Sunday, March 24, 2019

Cook Strait and Tory Channel

[Kyle]We had two problems with regard to the Cook Strait. The first was that there was a big storm coming which was only going to get worse by the hour. The other was the current at the entrance to the Tory Channel. Going into the Tory would get us into Queen Charlotte Sound in half the time to going the other, long way around. A LOT of water goes through the narrow entrance there as well as lots of big ferries. The current either way flows at six to eight knots, so we had to go in on the flood, preferably when it was mild and not too swirly. Since it’s dark half of the time, that gave us only one shot to get in before the storm hit.

We found our way out of Port Underwood in the dark the same way we found our way in in the fog – radar. We also had a nice, big moon and clear skies.

The Cook was pretty bad. The current was with us, which was good. The wind wasn’t, which was bad. The wind was going against the current, which was also bad, because it made the waves short and steep. Tacking into twenty-five knot winds going against a three knot current – bad, bad, bad.

It’s times like these that I’m truly thankful for what a well-engineered boat the Athena 38 is. I appreciate that somebody sitting in front of a drafting table on the opposite side of the world many years ago gave some thought to what could happen if an Athena ever left the comfort of a nice dock in a quiet harbor and went into the ocean – the real ocean, not just the bit a mile from Biarritz. I’m not so sure that’s done so much anymore with the heavy market demand for floating condos.

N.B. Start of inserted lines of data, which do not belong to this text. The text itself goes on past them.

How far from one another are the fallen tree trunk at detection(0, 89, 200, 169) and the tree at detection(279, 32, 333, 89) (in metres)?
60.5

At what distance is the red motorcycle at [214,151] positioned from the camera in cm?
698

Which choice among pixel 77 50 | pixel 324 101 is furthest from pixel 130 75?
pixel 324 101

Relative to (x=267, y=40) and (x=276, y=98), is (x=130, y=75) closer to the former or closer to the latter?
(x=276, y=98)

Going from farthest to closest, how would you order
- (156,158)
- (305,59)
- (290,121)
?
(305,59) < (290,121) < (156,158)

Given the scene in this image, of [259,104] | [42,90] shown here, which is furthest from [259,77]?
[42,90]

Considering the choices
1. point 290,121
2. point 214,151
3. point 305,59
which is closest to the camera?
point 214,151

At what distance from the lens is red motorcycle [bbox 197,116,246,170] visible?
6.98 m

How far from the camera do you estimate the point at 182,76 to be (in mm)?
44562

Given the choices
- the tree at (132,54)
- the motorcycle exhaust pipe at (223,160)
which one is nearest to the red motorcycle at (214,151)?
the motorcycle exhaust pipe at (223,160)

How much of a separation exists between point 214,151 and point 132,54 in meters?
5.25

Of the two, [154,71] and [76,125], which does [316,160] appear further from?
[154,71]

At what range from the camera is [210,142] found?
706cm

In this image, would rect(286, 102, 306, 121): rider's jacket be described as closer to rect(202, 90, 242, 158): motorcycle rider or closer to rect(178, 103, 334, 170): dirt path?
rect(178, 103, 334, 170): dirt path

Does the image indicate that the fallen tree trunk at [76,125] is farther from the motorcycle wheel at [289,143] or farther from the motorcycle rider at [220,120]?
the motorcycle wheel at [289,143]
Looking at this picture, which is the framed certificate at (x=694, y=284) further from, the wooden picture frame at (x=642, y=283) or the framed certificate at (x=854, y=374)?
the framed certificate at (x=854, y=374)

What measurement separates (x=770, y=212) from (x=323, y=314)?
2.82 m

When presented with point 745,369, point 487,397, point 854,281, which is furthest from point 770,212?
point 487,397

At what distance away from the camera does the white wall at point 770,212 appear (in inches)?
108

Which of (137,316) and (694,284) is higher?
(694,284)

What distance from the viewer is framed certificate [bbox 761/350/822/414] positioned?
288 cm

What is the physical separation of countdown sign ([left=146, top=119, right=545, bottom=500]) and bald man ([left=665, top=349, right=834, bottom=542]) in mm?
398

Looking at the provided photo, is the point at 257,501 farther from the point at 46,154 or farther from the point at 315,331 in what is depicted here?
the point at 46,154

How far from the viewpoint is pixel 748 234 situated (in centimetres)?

Our ride wasn’t exactly comfortable, but we were safe and Begonia was able to keep enough speed to ride upwind over the waves even with only storm canvas set. We did the leg to the Tory entrance in only two tacks, which took us most of the way to the North Island before we changed course and came back. We made it to within 2 ½ miles of the track we left leaving Wellington exactly two months before, so we have yet to close the circle on our South Island circumnavigation.

We got to the Tory entrance fifteen minutes before slack water changed to the outgoing ebb. We were just able to get through the pinch point into the bigger sound before we encountered a mild adverse current, which eventually peaked just under two knots.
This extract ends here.